Take this scenario, for instance: You're inserting data into a temp table and need it to display a certain value if another value exists. Maybe you're pulling from the Customer table and you want anyone with more than $100,000 in orders to be labeled as "Preferred." Thus, you insert the data into the table and run an
UPDATE statement to set the CustomerRank column to "Preferred" for anyone who has more than $100,000 in orders. The problem is that the
UPDATE statement is logged, which means it has to write twice for every single write to the table. The way around this, of course, is to use an inline
CASE statement in the SQL query itself. This tests every row for the order amount condition and sets the "Preferred" label before it's written to the table. The performance increase can be staggering.
2. Don't blindly reuse code
This issue is also very common. It's very easy to copy someone else's code because you know it pulls the data you need. The problem is that quite often it pulls much more data than you need, and developers rarely bother trimming it down, so they end up with a huge superset of data. This usually comes in the form of an extra outer join or an extra condition in the
WHERE clause. You can get huge performance gains if you trim reused code to your exact needs.
3. Do pull only the number of columns you need
This issue is similar to issue No. 2, but it's specific to columns. It's all too easy to code all your queries with
SELECT * instead of listing the columns individually. The problem again is that it pulls more data than you need. I've seen this error dozens and dozens of times. A developer does a
SELECT * query against a table with 120 columns and millions of rows, but winds up using only three to five of them. At that point, you're processing so much more data than you need it's a wonder the query returns at all. You're not only processing more data than you need, but you're also taking resources away from other processes.
4. Don't double-dip
Here's another one I've seen more times than I should have: A stored procedure is written to pull data from a table with hundreds of millions of rows. The developer needs customers who live in California and have incomes of more than $40,000. So he queries for customers that live in California and puts the results into a temp table; then he queries for customers with incomes above $40,000 and puts those results into another temp table. Finally, he joins both tables to get the final product.

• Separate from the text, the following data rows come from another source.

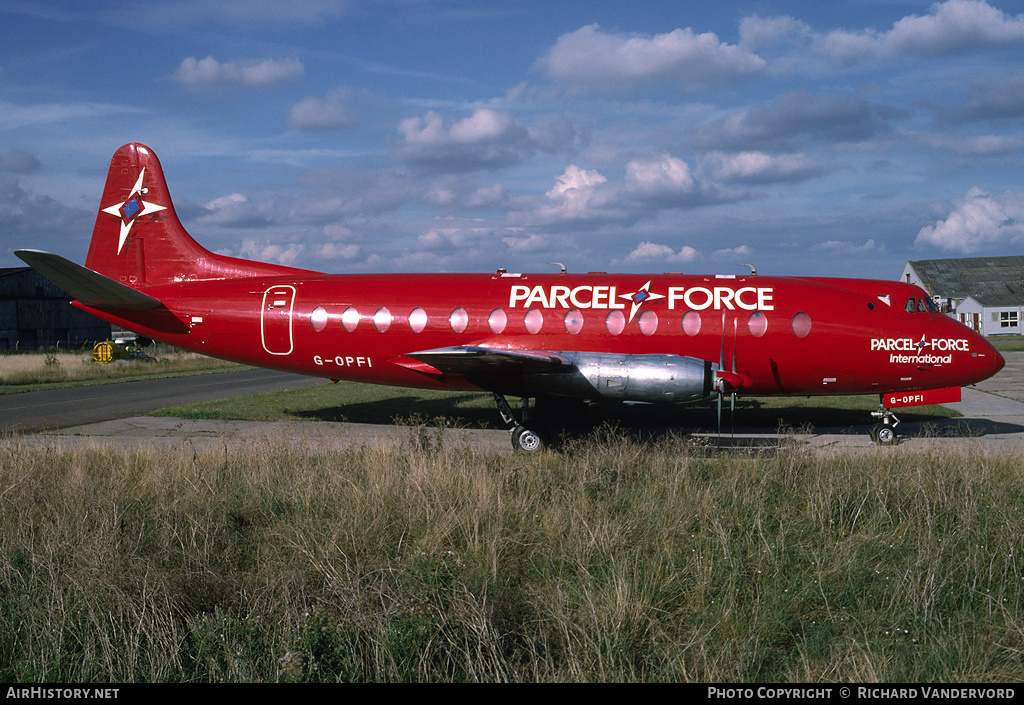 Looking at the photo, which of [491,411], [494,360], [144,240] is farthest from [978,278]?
[144,240]

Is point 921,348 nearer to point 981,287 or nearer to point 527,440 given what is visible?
point 527,440

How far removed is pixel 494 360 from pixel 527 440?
219 centimetres

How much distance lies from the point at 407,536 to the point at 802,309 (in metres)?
12.2

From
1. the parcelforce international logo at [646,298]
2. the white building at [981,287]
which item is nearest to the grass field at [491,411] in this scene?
the parcelforce international logo at [646,298]

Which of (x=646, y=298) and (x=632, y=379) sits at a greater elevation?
(x=646, y=298)

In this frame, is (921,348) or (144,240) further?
(144,240)

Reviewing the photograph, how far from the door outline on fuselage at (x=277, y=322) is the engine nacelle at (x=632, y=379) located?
6.96m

Are you kidding me? This should be done in a single query; instead, you're double-dipping a superlarge table. Don't be a moron: Query large tables only once whenever possible -- you'll find how much better your procedures perform.
A slightly different scenario is when a subset of a large table is needed by several steps in a process, which causes the large table to be queried each time. Avoid this by querying for the subset and persisting it elsewhere, then pointing the subsequent steps to your smaller data set.
5. Do know when to use temp tables
This issue is a bit harder to get a handle on, but it can yield impressive gains. You can use temp tables in a number of situations, such as keeping you from double-dipping into large tables. You can also use them to greatly decrease the processing power required to join large tables. If you must join a table to a large table and there's a condition on that large table, you can improve performance by pulling out the subset of data you need from the large table into a temp table and joining with that instead. This is also helpful (again) if you have several queries in the procedure that have to make similar joins to the same table.